Penn in the Great War: The University's Role in a Critical Time
The Country Transitions to Peacetime, 1918-1919 (and beyond)

Peacetime Education: The Fate of Military Training and Instruction is Debated

The Allies signed an armistice with the Germans on November 11, 1918. The Students’ Army Training Corps had been in existence for little over a month, and there was question as to what would happen to the organization now that the war had ended. At first the University had reason to believe that the S.A.T.C. would remain in existence, despite the armistice. Washington immediately sent a telegram to the administrators of the University stating that the S.A.T.C. would definitely be continued. In addition, the War Department had a one-year contract with the colleges participating in the S.A.T.C., and few believed it would break this contract early. But, by late November, the Government ordered that all units of the Students’ Army Training Corps be demobilized. This decision came as a surprise, and caused the Penn community to question what the role of military training and instruction would be in the post-war period.

The Provost and the Board of Trustees felt that military training had become a valuable part of Penn education, and were quick to take action in preserving it. At the meeting of the Board on December 9, 1918, the first meeting after the demobilization, the Provost proposed the re-establishment of the Reserve Officers’ Training Corps, which had existed at the University before the Students’ Army Training Corps was created. The Board granted Provost Smith the authority to re-establish the R.O.T.C., and also to develop a naval training unit if the conditions at the University permitted. In addition, the University allowed the Department of Military Science and Tactics to resume work under Major Griffith once the demobilization process was complete. In April of 1919, Provost Smith received word from the Government that Colonel Sheldon W. Anding was to be a new Professor of Military Science and Tactics.

Now that the war was over, however, some University professors believed that the continuation of military training would only detract from the renewed focus on academics. In correspondence with other universities, Professor Robert H. Fernald of the Towne Scientific School discussed the fate of the S.A.T.C. before demobilization, but after the armistice was signed.

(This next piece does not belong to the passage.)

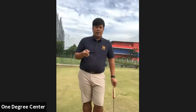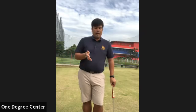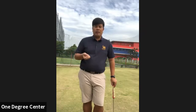I like the putting drill where you do the short putt and the long putt. Next time I will teach you about the strategy of the practice putting stroke.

A professor of the engineering program at the Massachusetts Institute of Technology expressed to Professor Fernald that the rigid schedule of military training was not allowing students enough time to study. The Dean of Engineering at Purdue University, C. H. Benjamin wrote to Fernald that discontinuing the Students’ Army Training Corps would allow the colleges to return to normal schedules and get students back on track to graduate on time. Both inquired as to the views of Professor Fernald on the matter. In a response to Benjamin, Professor Fernald stated that the general sentiment at the University of Pennsylvania seemed also to be that military training at the school had negative consequences.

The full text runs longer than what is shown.